### Brain Teasers

# Amoeba

Probability
Probability puzzles require you to weigh all the possibilities and pick the most likely outcome.

A jar begins with one amoeba. Every minute, every amoeba turns into 0, 1, 2, or 3 amoebas with a probability of 25% for each case (dies, does nothing, splits into 2, or splits into 3). What is the probability that the amoeba population eventually dies out?

### Answer

If p is the probability that a single amoeba's descendants will die out eventually, the probability that N amoebas' descendants will all die out eventually must be p^N, since each amoeba is independent of every other amoeba.
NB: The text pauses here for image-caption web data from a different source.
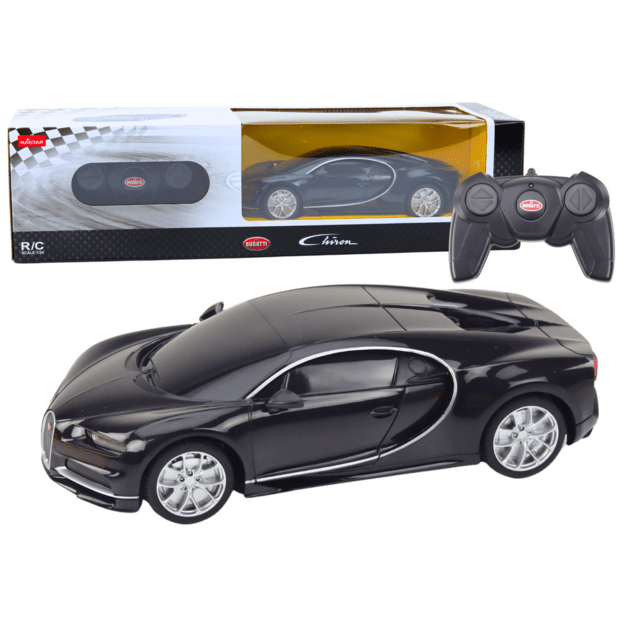 Bugatti Veyron Chiron nuotolinio valdymo automobilis RC juodas 1:24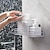 abordables Étagères de salle de bains-Caddie de douche étagère murale de salle de bain étagères flottantes panier suspendu de douche porte-shampooing accessoires de wc support de rangement d&#039;assaisonnement de cuisine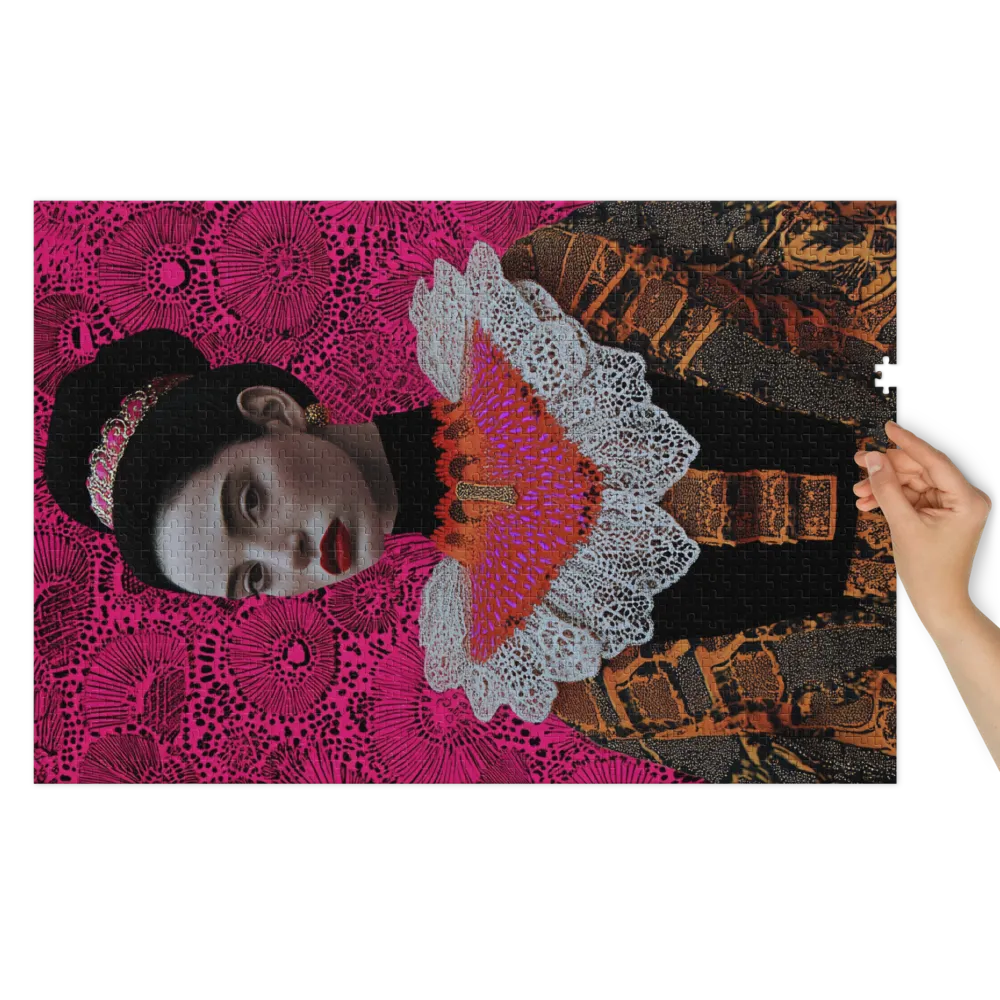 The Patterned Lady 
 Jigsaw Puzzle in Tin Box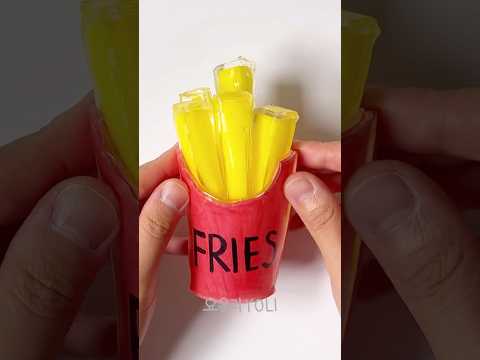 감자 튀김 🍟 테이프 말랑이 만들기 - DIY French Fries Squishy with nano tape #shorts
Also, the probability that a single amoeba's descendants will die out must be independent of time when averaged over all the possibilities. At t=0, the probability is p, at t=1 the probability is 0.25(p^0+p^1+p^2+p^3), and these probabilities must be equal. Extinction probability p is a root of f(p)=p. In this case, p = sqrt(2)-1.The generating function for the sequence P(n,i), which gives the probability of i amoebas after n minutes, is f^n(x), where f^n(x) == f^(n-1) ( f(x) ), f^0(x) == x . That is, f^n is the nth composition of f with itself.
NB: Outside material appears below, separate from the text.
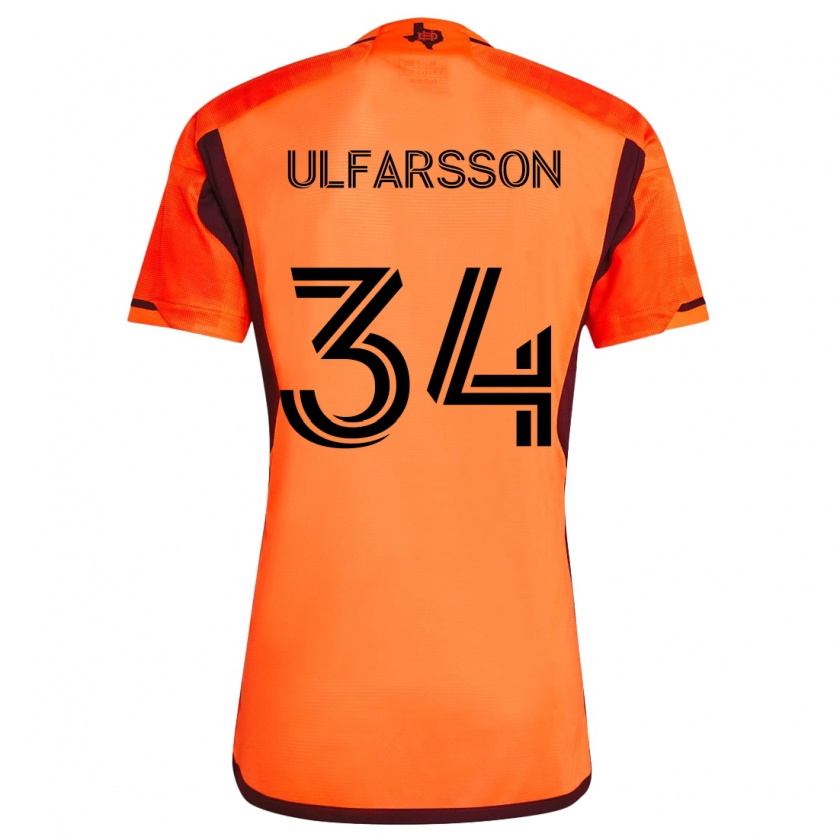 Kandiny Férfi Thor Úlfarsson #34 Narancs Fekete Hazai Jersey 2024/25 Mez Póló Ing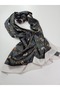 Luxury Voile Silk Shawl Hijab Foulard Scarf Shawl Floral Pattern 70 X 180 cm - 2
Then f^n(0) gives the probability of 0 amoebas after n minutes, since f^n(0) = P(n,0). We then note that:

f^(n+1)(x) = ( 1 + f^n(x) + (f^n(x))^2 + (f^n(x))^3 )/4

so that if f^(n+1)(0) -> f^n(0) we can solve the equation.

The generating function also gives an expression for the expectation value of the number of amoebas after n minutes. This is d/dx(f^n(x)) evaluated at x=1. Using the chain rule we get f'(f^(n-1)(x))*d/dx(f^(n-1)(x)) and since f'(1) = 1.5 and f(1) = 1, we see that the result is just 1.5^n, as might be expected.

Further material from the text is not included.